● **Source data**:
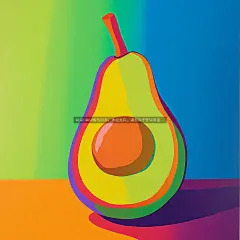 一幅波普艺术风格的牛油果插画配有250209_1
--
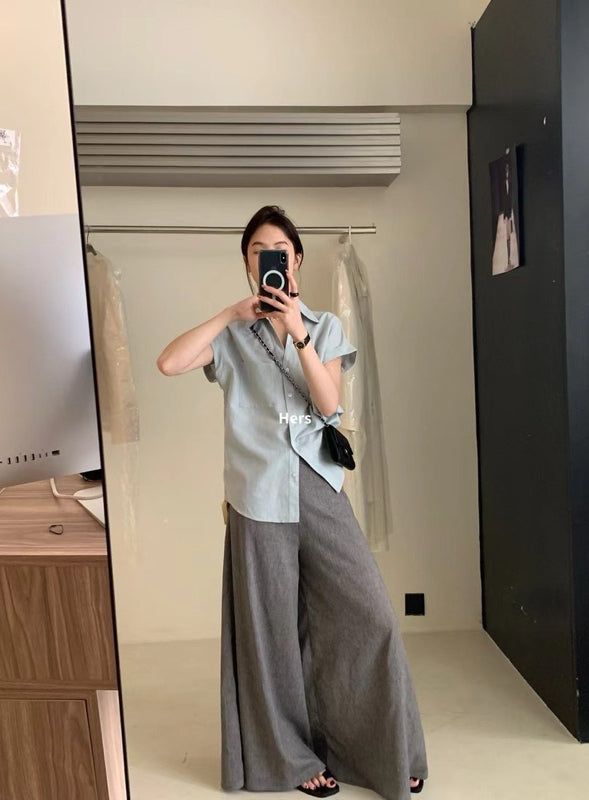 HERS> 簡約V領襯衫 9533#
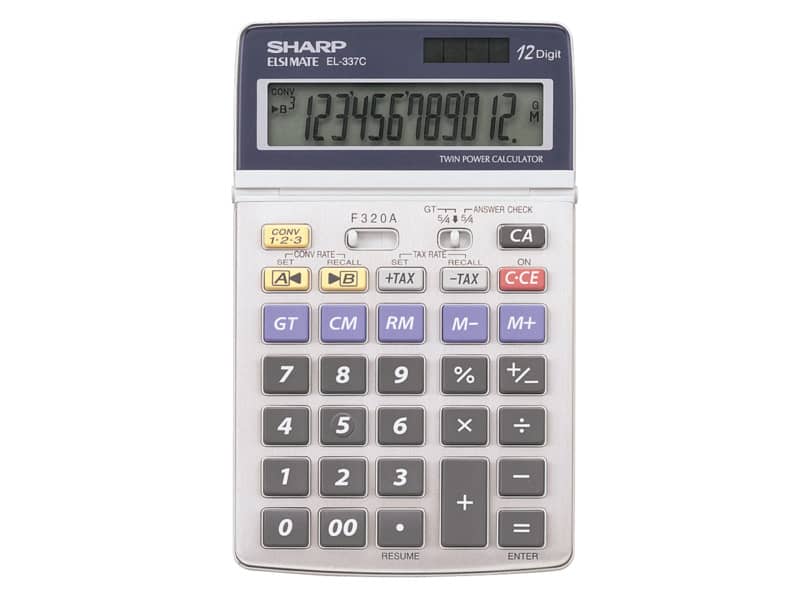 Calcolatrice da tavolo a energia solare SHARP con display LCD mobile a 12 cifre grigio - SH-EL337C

● **Exercise**: From the data above, retype only the lines starting with the line with "HERS> 簡約V領襯衫 9533#" and going on through the line with "Calcolatrice da tavolo", exactly, leaving out the pictures.

● **Written response**:
 HERS> 簡約V領襯衫 9533#
 Calcolatrice da tavolo a energia solare SHARP con display LCD mobile a 12 cifre grigio - SH-EL337C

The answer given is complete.